→ **What to do**
Please give all of the data again, character for character, and drop the pictures.

→ **Material provided**
☆ ☆ ☆ ☆

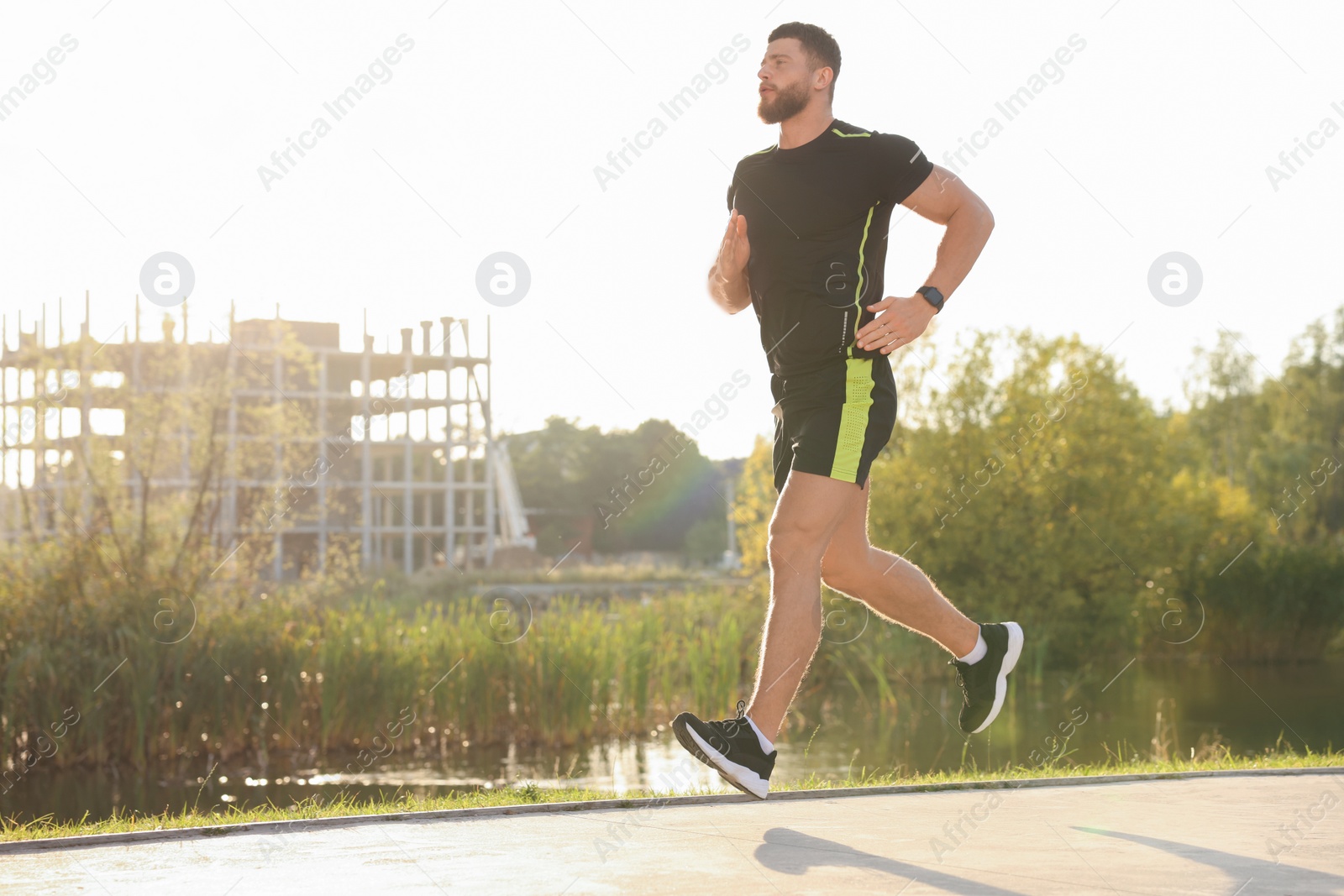 Photo of Young man running near pond in park. Space for text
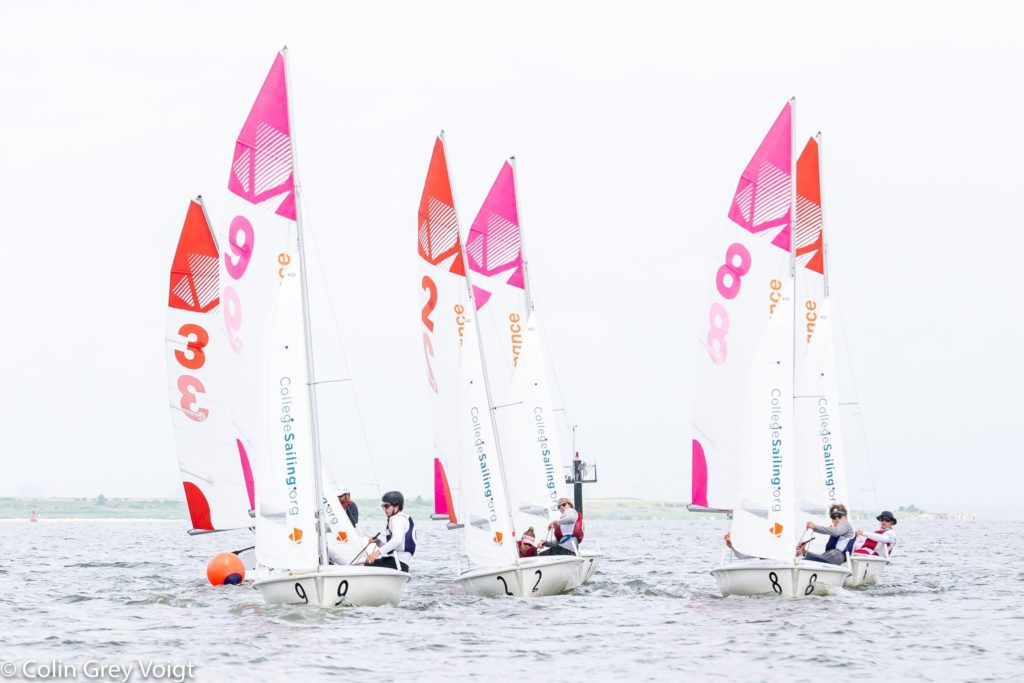 Four small sailboats with pink and orange sails, each carrying two people, race on a calm body of water. The sails display large numbers, and the boats are labeled 0, 2, 7, and 8. The sky is overcast.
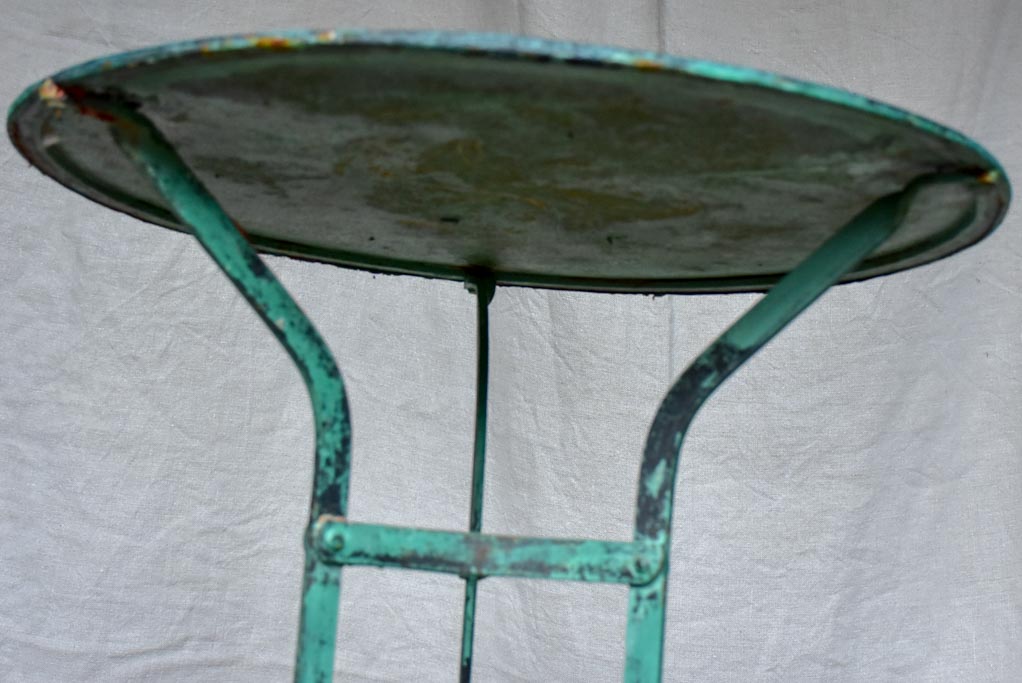 Small early 20th Century French garden table with blue patina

☆ ☆ ☆ ☆

→ **Written answer**
 Photo of Young man running near pond in park. Space for text
 Four small sailboats with pink and orange sails, each carrying two people, race on a calm body of water. The sails display large numbers, and the boats are labeled 0, 2, 7, and 8. The sky is overcast.
 Small early 20th Century French garden table with blue patina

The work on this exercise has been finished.